Pour une société de l’engagement

En vue des élections municipales de 2020, Démocratie Ouverte propose chaque semaine à un partenaire de prendre de la hauteur sur un sujet de démocratie locale. Cette semaine : Claudy Lebreton, ancien président du Conseil Régional des Côtes d’Armor (1997 – 2005)

 Pendant la campagne des municipales 2020, trois thèmes ont retenu l’attention de nos concitoyens : l’écologie, les solidarités, la démocratie. Sur ce dernier sujet, ô combien primordial, les élus locaux peuvent agir afin qu’elle prospère et progresse. Construire « une société de l’engagement » au sein de nos villes et de nos villages, voilà un formidable défi pour les futures assemblées et l’ensemble des habitants.

Agir d’emblée, avec par exemple la création dans toutes les communes d’un Conseil municipal des générations futures, c’est déjà bien engagé mais pas suffisant. Si nous voulons que nos concitoyens s’engagent au sein de nos collectivités, associations, syndicats, coopératives, entreprises… il nous faut impérativement développer cette « culture de l’engagement ».

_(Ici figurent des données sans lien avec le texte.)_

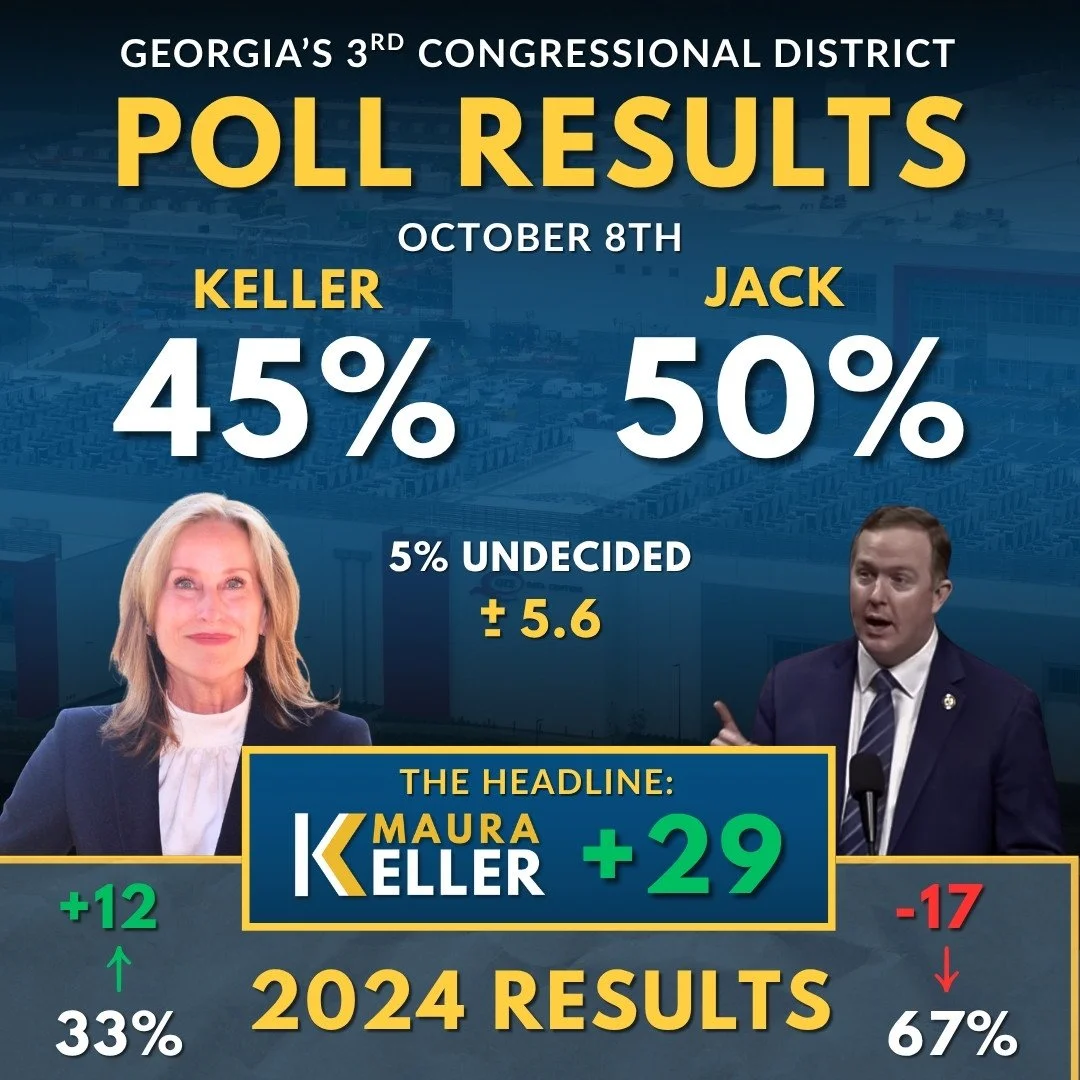Press Release: Maura Keller New Poll Has 3rd Congressional At 50% Jack, 45% Keller, 5% Undecided (+/- 5.6); 29% Improvement Over 2024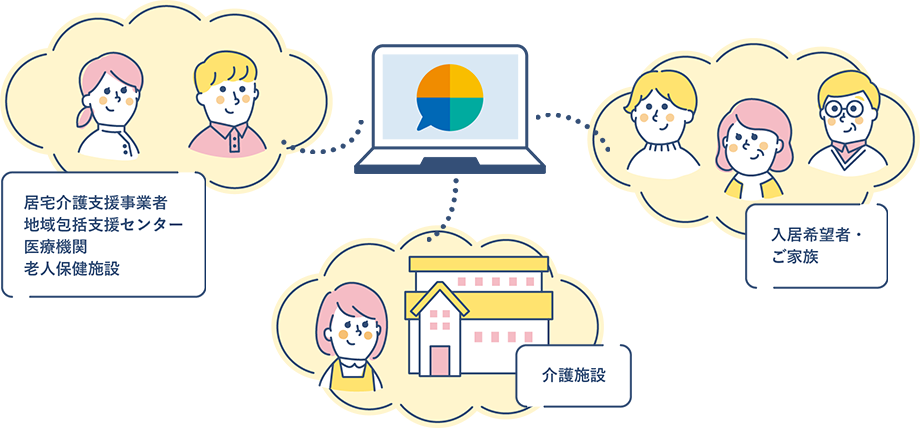 チャットボウル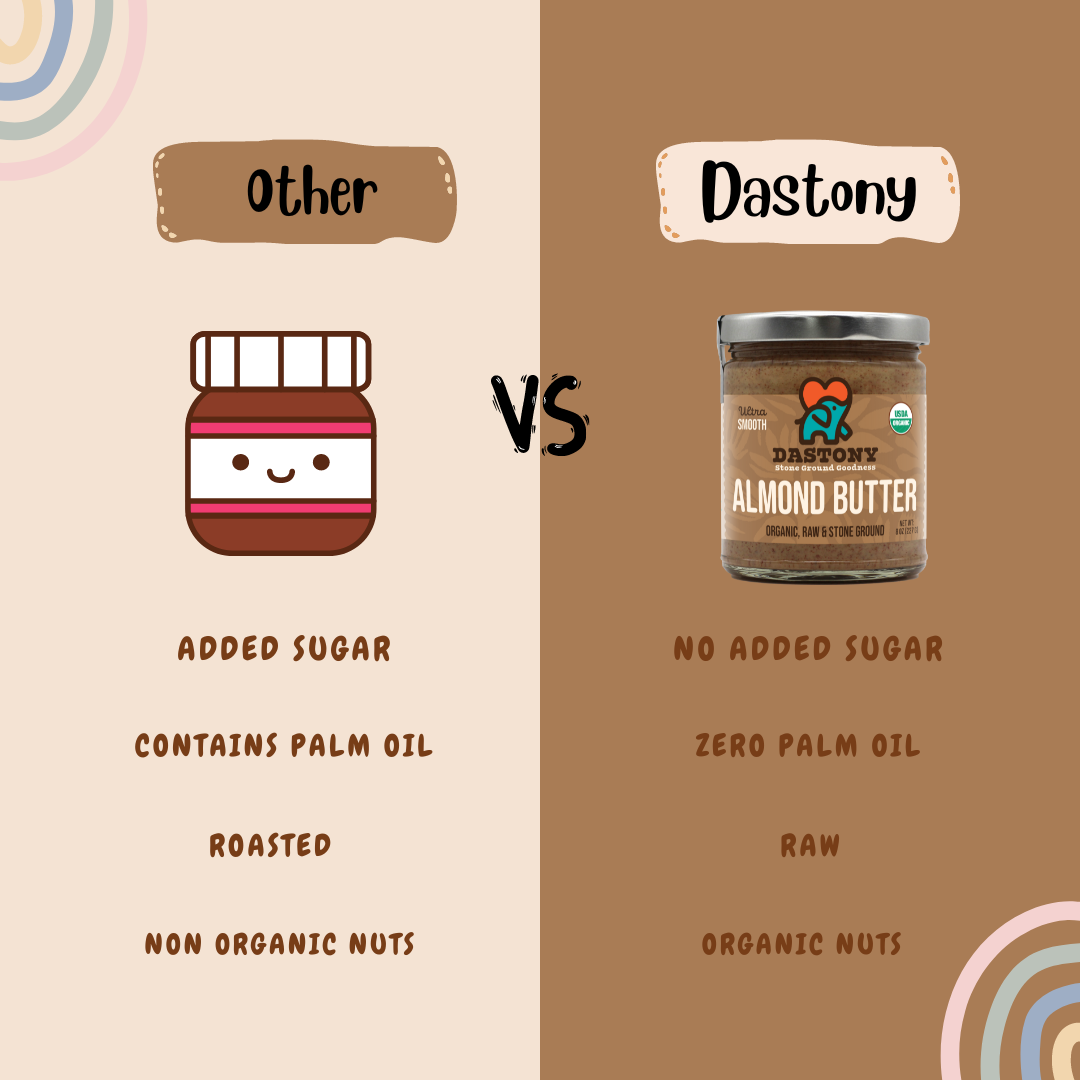 Almond Butter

Cette société de l’engagement, c’est une communauté humaine qui se préoccupe de former des êtres humains pour assumer des fonctions démocratiques au sein des associations, des collectivités, des syndicats, des entreprises… avec des principes, des droits, des financements. Ainsi, un vrai statut de l’élu associatif devrait être voté au parlement, édictant des principes, des droits, des moyens, des congés pour l’exercice de leurs mandats. Nous avons réussi à le faire pour les syndicalistes et les politiques. Ce serait un formidable progrès que de le faire pour la démocratie sociale, celle qui mobilise des millions de bénévoles des associations qui oeuvrent dans nos communes, nos quartiers et nos territoires.

Soyons attentifs aux besoins humains et financiers que les collectivités et l’etat doivent assumer pour la démocratie sociale. Des millions d’emplois sont en jeu ! En Côtes d’Armor, nous avions financé l’emploi associatif à hauteur de 33 à 50% pour des contrats en CDI : 320 furent créés pour 230 associations locales et départementales. Aujourd’hui, ils existent toujours car les associations concourent au service du public dans tous les domaines de la vie de nos concitoyens dans nos territoires. Si la dimension sociale de la démocratie est affaiblie, toutes les autres seront aussi touchées très vite. Des risques existent. Des actes malencontreux sont déjà commis. Alors, que faire ?

 Sortir de notre attitude de consommateur, de notre zone de confort et aller résolument vers les autres. L’imagination, l’innovation démocratique, la solidarité active sont autant de moyens qui pourront être mobilisées dans des lieux de formation et d’expérimentation, en s’appuyant par exemple sur le réseau Démocratie Ouverte. 

 S’inspirer de la réflexion de nos chercheurs qui proposent des solutions telles que la création d’assemblées de citoyens tirées au sort, qui auraient la charge d’élaborer des « chartes de la démocratie » et de veiller à son application par les Conseils municipaux, ou bien, pour d’autres assemblées citoyennes, de co-construire un projet structurant pour nos territoires. 

 Enfin, aller observer et analyser ce qui se fait de mieux dans nos communes de France, telles que Saillans, Kingersheim, Loos-en-Gohelle… Après ce printemps, viendra le temps des moissons ! N’ayons pas peur et soyons audacieux pour que notre démocratie ouverte fleurisse dans tous les territoires de France.